Marshall Mission Files, Lot 54–D270: Telegram
Colonel George V. Underwood to General Marshall 90
1915. Official Chinese reaction to your recall, statement and appointment not yet apparent.
Swift sequence of surprise events has temporarily stunned all quarters, but distinct reactions are expected as soon as the shock subsides.
[Page 692]This morning, 9 January local calendar, I called on Doctor Stuart. He talked yesterday afternoon to Doctor T. V. Soong who was greatly pleased with your statement and regarded your appointment as Secretary of State as most fortunate for China. Doctor Soong then lunged into a discussion of reform measures and prospects of financial assistance from the United States. Doctor Stuart advised him to proceed with urgent reconstruction and that he probably could look to the United States for help on non-controversial projects. I advised Doctor Stuart to fend commitments in the economic field pending developments following your consultations in Washington.

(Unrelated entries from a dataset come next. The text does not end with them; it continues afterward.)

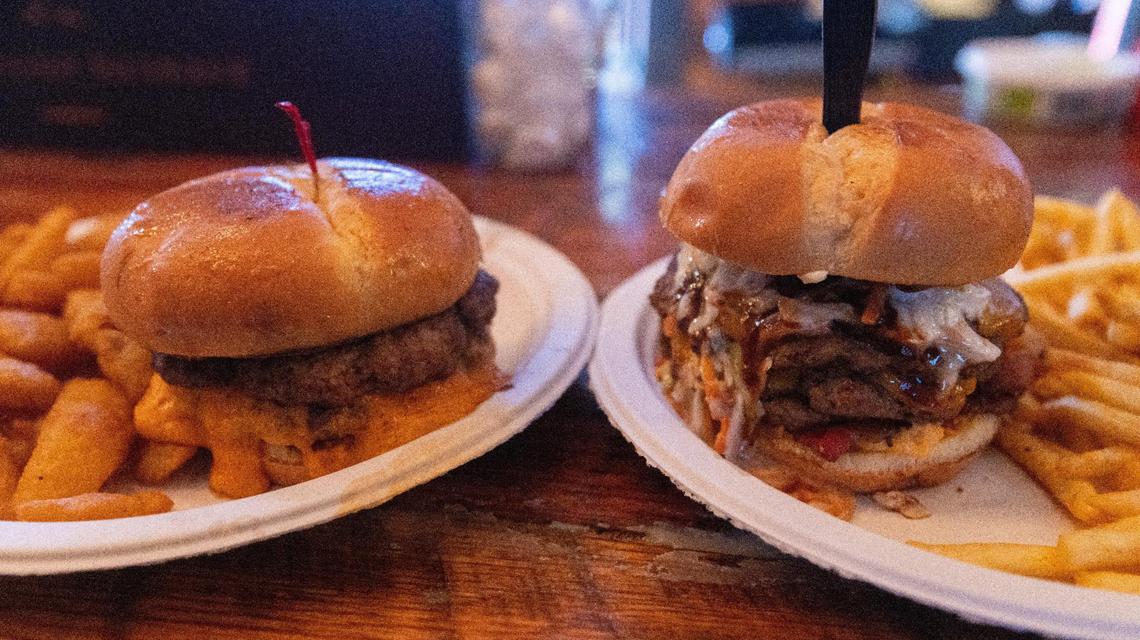 Southern Deli & Tavern’s The Winchester, left, and The Southern Burger. The Winchester features two beef patties, Kentucky Proud beer cheese, smoked bacon & beer battered fried onion. The Southern Burger has three quarter-pound patties of Kentucky Proud beef, BBQ sauce, sliced cheddar cheese, bacon, a beer battered onion ring, pimiento cheese and coleslaw.
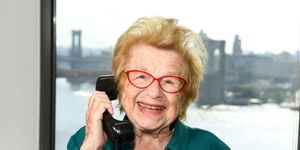 dr ruth westheimer holds a phone to her ear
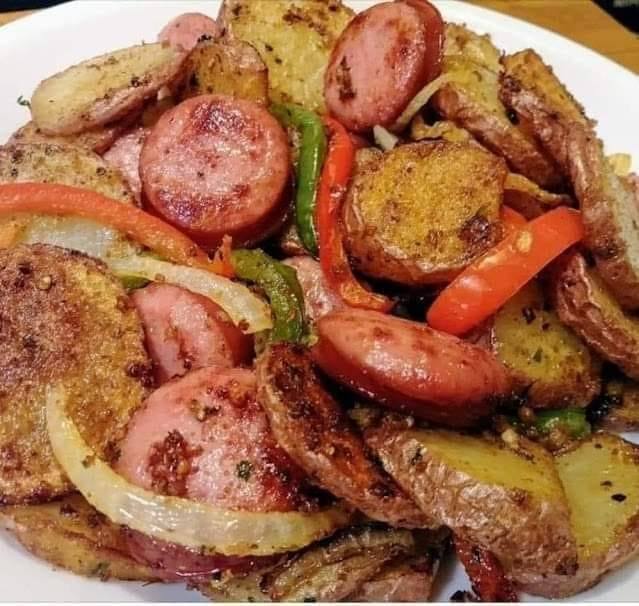 Fried potatoes onions and smoked polish sausage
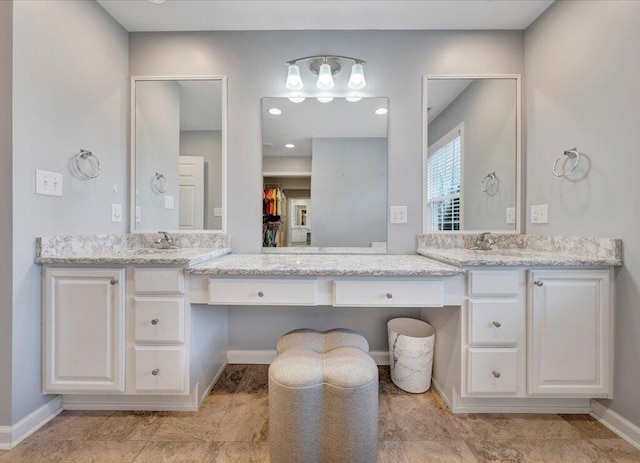 bathroom with vanity and baseboards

I sensed pressure from Doctor Soong to drag Doctor Stuart into policy matters hoping thereby to obtain favorable commitments. For this reason and because he touched on the subject I took the occasion to suggest respectfully that his role in the present interim period might well be one of watchful waiting and careful observation of Chinese reaction to recent events and manifestation of future intentions, particularly regarding a genuine Government offer for renewal of negotiations and Communist reaction thereto. He endorsed this view.
Doctor Stuart had expected the Generalissimo to call for him following your statement and rumored appointment. This was not done and Doctor Stuart now intends to see the Generalissimo this afternoon. Doctor Stuart said that the primary purpose of the meeting was to carry out your instructions for following up your explanation to the Generalissimo of your sudden recall and the necessity of your frank statement. He also intended to inform the Generalissimo that knowledge of your forthcoming appointment as Secretary of State had prevented your giving a definitive answer to the Generalissimo’s request that you remain in China as his advisor. I recommended against this course, based on your explicit instructions that no indication should be given of any prior knowledge concerning the State Department post. He then stated that he would simply refer indirectly to your bewilderment over the 10 January date mentioned in radios concerning your recall which was now explained by your appointment and which had complicated your discussions with the Generalissimo regarding the advisory post.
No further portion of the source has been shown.